Sixty-five electoral divisions in Dublin — one in five of all divisions — were identified as “marginally below average”, “disadvantaged” or “very disadvantaged”. Of these 15 were identified as most likely to struggle to take action on climate change, due to issues such as finances, age of population, age of properties and access to sustainable transport. Nine were located in the Dublin City Council area, four were in the South Dublin County Council area, and two were in Fingal.
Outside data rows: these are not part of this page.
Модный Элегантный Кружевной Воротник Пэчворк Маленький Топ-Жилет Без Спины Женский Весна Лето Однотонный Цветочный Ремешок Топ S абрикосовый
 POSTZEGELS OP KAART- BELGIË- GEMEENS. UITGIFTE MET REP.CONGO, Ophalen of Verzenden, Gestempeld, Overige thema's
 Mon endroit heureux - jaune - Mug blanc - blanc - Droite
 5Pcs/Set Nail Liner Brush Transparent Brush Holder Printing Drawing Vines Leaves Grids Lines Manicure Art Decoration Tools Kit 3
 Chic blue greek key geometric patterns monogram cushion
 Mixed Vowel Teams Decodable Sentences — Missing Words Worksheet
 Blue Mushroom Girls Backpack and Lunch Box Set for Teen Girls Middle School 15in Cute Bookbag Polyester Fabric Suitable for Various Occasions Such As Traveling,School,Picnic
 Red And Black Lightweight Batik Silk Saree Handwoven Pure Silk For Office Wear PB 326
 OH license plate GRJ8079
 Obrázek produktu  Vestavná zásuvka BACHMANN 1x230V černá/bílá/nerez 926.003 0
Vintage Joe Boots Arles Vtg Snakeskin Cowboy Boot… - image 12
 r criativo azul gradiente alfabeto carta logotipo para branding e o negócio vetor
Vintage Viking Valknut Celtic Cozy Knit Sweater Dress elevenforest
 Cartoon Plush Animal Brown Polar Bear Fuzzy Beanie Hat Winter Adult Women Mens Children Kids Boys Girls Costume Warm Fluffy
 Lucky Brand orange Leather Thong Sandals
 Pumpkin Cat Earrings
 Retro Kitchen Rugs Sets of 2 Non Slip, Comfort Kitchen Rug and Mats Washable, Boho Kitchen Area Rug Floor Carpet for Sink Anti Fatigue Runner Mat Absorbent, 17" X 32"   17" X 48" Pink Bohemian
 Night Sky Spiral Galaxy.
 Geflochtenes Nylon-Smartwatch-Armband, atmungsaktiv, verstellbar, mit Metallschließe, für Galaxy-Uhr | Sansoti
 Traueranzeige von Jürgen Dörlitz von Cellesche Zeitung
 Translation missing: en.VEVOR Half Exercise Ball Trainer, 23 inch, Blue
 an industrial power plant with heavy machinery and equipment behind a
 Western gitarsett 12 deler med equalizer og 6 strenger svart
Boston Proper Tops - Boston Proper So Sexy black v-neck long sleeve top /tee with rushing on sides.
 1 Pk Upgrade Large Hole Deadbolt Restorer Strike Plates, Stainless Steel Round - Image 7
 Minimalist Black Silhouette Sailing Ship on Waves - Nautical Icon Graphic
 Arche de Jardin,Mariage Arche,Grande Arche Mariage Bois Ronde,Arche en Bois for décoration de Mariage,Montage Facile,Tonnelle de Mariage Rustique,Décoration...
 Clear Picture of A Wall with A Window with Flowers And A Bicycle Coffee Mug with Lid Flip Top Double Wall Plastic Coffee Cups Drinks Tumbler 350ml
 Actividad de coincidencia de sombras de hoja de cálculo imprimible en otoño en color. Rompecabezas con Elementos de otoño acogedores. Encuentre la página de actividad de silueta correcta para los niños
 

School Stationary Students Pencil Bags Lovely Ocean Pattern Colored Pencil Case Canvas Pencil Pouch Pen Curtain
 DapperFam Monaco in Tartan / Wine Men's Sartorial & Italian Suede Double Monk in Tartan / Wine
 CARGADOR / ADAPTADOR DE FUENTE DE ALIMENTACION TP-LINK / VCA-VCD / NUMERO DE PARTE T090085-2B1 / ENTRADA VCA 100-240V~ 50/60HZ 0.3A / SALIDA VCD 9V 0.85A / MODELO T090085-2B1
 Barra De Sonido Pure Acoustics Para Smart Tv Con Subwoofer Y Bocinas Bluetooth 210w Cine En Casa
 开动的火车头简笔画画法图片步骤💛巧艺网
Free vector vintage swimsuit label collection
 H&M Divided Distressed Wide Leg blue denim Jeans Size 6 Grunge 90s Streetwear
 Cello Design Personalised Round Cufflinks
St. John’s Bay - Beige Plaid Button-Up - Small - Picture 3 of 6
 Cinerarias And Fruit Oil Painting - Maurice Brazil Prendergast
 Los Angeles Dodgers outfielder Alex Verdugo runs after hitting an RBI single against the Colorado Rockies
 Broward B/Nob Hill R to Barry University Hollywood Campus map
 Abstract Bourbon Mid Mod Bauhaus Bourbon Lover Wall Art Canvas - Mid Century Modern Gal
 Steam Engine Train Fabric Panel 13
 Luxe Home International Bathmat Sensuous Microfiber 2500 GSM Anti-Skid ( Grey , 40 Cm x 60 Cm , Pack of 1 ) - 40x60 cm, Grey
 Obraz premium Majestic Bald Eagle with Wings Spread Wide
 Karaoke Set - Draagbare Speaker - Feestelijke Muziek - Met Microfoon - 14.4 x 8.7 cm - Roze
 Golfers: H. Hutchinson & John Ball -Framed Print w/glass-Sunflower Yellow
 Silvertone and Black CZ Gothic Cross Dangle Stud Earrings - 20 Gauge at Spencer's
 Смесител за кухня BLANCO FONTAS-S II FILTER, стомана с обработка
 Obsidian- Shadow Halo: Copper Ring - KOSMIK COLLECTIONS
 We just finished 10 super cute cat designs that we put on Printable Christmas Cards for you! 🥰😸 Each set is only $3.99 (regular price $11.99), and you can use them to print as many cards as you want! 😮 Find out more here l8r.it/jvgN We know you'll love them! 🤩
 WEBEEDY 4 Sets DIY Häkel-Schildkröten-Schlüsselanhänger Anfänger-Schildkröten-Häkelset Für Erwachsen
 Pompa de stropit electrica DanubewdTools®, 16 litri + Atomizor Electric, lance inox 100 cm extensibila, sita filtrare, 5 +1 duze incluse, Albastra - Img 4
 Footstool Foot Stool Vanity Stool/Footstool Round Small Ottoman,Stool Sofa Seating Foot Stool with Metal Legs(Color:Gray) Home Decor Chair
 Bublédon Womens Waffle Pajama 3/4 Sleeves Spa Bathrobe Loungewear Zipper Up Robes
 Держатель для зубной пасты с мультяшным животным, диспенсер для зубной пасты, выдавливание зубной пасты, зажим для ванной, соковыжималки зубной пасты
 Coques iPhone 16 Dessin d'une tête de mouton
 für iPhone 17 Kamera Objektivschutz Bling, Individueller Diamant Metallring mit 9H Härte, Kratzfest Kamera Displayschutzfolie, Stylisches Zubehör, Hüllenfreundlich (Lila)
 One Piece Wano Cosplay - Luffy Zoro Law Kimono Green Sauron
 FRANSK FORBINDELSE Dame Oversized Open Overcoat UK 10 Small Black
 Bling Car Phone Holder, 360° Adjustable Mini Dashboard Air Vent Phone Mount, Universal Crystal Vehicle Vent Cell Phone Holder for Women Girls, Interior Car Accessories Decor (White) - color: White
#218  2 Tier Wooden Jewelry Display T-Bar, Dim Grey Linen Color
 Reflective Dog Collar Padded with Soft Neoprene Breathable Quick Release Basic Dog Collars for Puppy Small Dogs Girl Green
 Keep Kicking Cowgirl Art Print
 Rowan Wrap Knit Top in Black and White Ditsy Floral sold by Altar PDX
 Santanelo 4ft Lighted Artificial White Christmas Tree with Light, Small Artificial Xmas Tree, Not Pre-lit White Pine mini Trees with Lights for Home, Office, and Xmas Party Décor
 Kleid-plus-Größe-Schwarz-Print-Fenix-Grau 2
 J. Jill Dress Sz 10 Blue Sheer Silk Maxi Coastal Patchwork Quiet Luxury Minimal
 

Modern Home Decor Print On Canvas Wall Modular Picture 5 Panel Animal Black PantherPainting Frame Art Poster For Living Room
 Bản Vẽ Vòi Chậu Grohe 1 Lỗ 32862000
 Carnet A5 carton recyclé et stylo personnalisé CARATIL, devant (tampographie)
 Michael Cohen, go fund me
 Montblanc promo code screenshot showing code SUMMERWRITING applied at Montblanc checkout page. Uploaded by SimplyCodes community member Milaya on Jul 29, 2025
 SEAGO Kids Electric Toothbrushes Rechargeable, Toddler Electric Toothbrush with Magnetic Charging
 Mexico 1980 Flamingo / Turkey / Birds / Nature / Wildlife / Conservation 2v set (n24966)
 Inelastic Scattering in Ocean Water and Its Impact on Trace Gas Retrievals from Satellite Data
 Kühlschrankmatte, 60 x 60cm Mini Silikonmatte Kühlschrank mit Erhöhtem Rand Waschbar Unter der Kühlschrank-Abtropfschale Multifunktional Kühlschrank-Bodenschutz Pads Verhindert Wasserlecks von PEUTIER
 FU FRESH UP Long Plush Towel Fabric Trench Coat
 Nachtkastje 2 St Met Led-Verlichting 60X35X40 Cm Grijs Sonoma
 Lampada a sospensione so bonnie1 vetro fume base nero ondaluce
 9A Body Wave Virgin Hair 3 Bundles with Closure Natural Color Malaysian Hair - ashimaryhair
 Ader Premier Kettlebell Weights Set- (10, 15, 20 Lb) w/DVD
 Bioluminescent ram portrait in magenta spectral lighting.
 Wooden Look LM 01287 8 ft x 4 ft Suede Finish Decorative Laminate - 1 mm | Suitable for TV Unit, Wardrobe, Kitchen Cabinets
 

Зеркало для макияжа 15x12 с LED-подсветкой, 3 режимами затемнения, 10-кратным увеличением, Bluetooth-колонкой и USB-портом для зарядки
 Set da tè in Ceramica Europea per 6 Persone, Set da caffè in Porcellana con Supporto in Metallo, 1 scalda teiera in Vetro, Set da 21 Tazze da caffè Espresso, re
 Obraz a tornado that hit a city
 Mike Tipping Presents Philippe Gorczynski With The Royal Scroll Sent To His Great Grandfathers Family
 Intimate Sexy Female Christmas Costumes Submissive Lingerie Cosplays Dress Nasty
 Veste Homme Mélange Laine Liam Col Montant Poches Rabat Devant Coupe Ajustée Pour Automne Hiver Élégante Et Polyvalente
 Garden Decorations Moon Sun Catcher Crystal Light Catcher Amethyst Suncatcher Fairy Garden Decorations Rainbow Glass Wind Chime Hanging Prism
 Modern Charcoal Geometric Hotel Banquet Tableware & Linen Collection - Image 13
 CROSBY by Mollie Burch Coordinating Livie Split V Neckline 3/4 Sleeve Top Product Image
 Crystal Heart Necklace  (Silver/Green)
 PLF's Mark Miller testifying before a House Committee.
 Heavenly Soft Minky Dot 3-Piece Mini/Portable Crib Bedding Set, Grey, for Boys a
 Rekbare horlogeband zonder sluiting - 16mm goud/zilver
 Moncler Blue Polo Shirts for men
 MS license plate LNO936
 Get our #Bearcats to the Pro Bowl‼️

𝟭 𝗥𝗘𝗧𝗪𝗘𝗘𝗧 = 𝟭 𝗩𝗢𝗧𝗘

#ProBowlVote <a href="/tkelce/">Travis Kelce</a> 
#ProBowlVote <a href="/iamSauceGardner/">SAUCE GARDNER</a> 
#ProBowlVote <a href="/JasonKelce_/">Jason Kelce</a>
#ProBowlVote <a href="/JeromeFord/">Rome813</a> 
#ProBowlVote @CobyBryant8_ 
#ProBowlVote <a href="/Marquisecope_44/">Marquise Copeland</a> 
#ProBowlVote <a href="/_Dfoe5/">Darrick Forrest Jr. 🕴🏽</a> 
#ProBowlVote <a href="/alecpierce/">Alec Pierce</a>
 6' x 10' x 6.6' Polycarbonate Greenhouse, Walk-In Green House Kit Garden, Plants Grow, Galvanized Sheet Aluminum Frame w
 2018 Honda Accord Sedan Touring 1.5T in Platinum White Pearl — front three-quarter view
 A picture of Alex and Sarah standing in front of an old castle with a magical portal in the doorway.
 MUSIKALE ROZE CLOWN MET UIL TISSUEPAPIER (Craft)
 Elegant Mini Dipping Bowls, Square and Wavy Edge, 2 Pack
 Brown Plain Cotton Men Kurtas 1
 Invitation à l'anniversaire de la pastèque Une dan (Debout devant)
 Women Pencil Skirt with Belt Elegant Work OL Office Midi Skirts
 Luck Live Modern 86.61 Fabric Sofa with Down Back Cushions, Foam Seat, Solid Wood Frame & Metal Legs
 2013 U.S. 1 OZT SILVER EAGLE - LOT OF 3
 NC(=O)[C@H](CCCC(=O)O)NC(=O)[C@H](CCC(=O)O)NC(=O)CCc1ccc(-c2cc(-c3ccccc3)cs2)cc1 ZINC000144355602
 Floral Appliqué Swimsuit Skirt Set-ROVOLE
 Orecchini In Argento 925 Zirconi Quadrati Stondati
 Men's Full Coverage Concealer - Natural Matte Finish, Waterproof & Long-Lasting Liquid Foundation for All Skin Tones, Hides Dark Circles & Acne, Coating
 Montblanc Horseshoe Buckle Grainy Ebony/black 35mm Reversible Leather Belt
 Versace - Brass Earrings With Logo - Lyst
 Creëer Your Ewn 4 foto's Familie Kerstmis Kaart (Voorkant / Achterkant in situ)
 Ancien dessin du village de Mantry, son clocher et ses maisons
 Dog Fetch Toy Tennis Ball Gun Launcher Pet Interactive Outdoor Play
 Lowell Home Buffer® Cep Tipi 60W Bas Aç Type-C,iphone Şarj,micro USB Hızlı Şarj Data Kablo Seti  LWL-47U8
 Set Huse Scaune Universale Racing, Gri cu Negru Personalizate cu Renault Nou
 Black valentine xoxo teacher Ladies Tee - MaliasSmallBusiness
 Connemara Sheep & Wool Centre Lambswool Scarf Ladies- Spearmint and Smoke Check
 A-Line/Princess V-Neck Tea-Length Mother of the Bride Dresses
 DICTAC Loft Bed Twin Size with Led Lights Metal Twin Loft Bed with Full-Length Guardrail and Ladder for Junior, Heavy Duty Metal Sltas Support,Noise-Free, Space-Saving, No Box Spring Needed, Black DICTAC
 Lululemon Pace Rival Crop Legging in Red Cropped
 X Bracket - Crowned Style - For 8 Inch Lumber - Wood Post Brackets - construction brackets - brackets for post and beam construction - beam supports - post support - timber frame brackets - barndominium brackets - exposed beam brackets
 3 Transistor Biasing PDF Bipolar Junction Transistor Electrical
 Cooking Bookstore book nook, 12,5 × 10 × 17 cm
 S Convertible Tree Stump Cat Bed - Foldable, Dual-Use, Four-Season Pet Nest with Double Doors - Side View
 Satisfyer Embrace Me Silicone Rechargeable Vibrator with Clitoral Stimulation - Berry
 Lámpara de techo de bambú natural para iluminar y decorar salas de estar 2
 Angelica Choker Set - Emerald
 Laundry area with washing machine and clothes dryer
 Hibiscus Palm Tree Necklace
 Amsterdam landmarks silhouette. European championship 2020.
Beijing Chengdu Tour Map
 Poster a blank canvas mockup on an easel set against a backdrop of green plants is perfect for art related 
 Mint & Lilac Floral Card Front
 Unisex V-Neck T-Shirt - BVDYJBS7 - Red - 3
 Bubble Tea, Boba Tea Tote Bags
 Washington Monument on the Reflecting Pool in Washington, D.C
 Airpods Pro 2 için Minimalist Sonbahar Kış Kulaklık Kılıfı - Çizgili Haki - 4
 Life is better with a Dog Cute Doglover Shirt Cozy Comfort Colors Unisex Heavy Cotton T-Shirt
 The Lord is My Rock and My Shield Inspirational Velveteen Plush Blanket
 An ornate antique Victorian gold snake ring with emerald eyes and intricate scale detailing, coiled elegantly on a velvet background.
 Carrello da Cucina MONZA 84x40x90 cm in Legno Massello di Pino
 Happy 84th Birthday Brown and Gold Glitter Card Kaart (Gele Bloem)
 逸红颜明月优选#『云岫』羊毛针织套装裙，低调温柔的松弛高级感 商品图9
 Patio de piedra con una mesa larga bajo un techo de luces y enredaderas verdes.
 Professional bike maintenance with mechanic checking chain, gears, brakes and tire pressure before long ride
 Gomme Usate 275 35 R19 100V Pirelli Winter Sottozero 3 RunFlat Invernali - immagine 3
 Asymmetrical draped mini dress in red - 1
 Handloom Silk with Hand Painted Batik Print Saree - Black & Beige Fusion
None were in the Dún Laoghaire-Rathdown area.
In-depth interviews were carried out with communities in Ballymun, Beaumont, Coolock and Darndale identified by the researchers as “particularly vulnerable” to being “left behind” if climate policies are applied unfairly.
“A lack of information and awareness were identified as barriers to taking action relating to climate change in Dublin,” the report, Understanding the Impact of a Transition to Net-Zero on Communities in Dublin, found
“A theme throughout the participants’ perspectives was the impact that contemporary challenges such as the cost-of-living crisis and housing crisis have on the ability of people to invest in sustainable practices, such as the retrofitting of homes, installation of solar panels and transitioning towards electric vehicles.”
Tenants also raised concerns about “green gentrification”. This happens when retrofitting results in higher rents, forcing the original tenant to be displaced.
The report recommends measures are put in place to make sustainable energy, transport and housing adaptations more affordable.